For bakery-fresh Pain au Chocolat at home, simply preheat your oven to 180°C (fan) / 200°C and place the thawed pastries on a lined baking tray. Bake for 20–25 minutes until the pastry is golden and flaky. Let them cool slightly before enjoying the crisp, buttery layers and rich chocolate filling. Perfect for a slow weekend breakfast or an indulgent treat!
The main difference between pain au chocolat and a chocolate croissant lies in their shape and pastry layers. Pain au chocolat is typically rectangular, made with buttery croissant dough that is wrapped around a piece of rich dark chocolate, creating a more compact and neat pastry. In contrast, a chocolate croissant is shaped in a classic crescent form, with the same flaky, buttery dough but often layered with chocolate in a more spread-out fashion. While both pastries are delicious, pain au chocolat offers a more straightforward chocolate-filled experience, while a chocolate croissant may have a slightly puffier, more open texture.
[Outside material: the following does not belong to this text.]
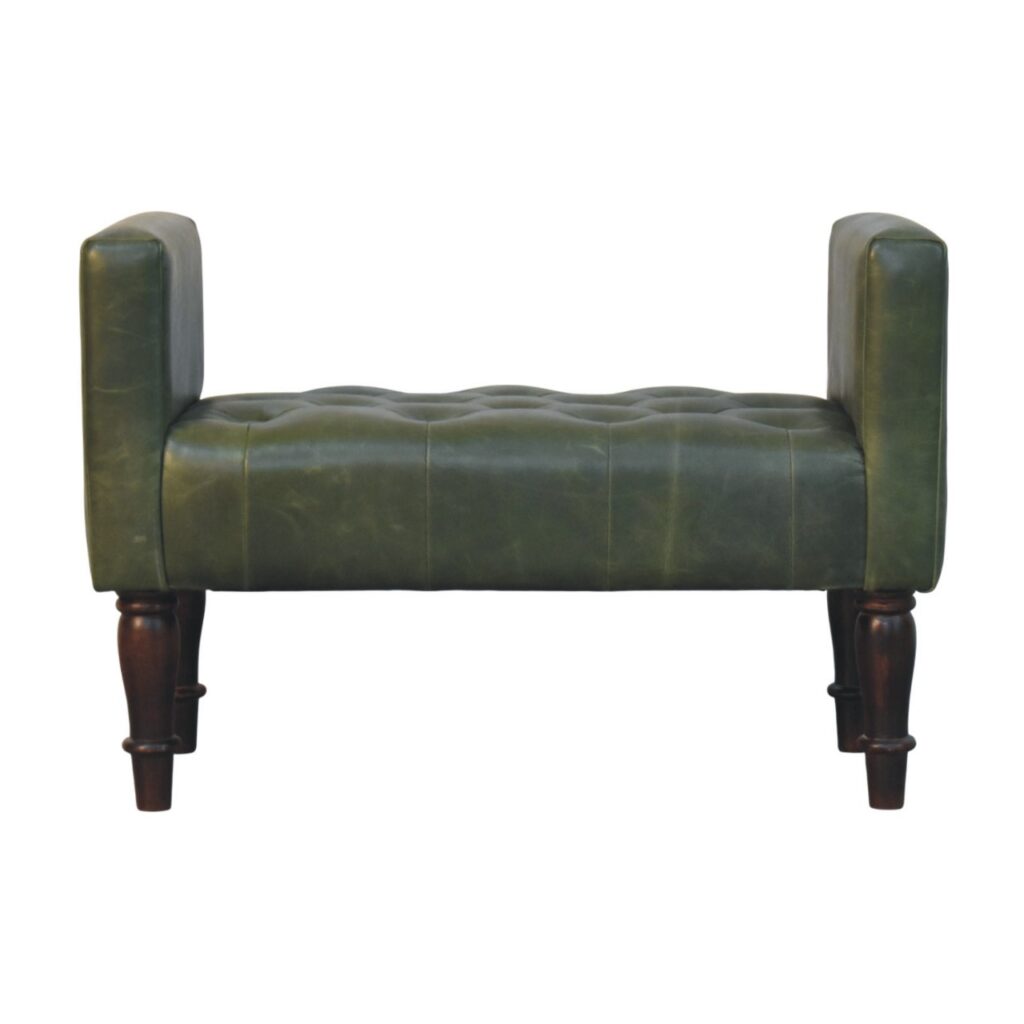 Solid Mango Wood California Walnut Finished Green Leather Bedroom Bench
While you can certainly bake pain au chocolat from frozen, we personally recommend removing your pain au chocolat from the freezer the night before you plan to bake them. Place them on a lined baking sheet, leaving space for them to expand, and allow them to prove overnight at room temperature. The next day, preheat your oven to 180°C, egg wash each pastry, and bake for 12-15 minutes until golden and crisp.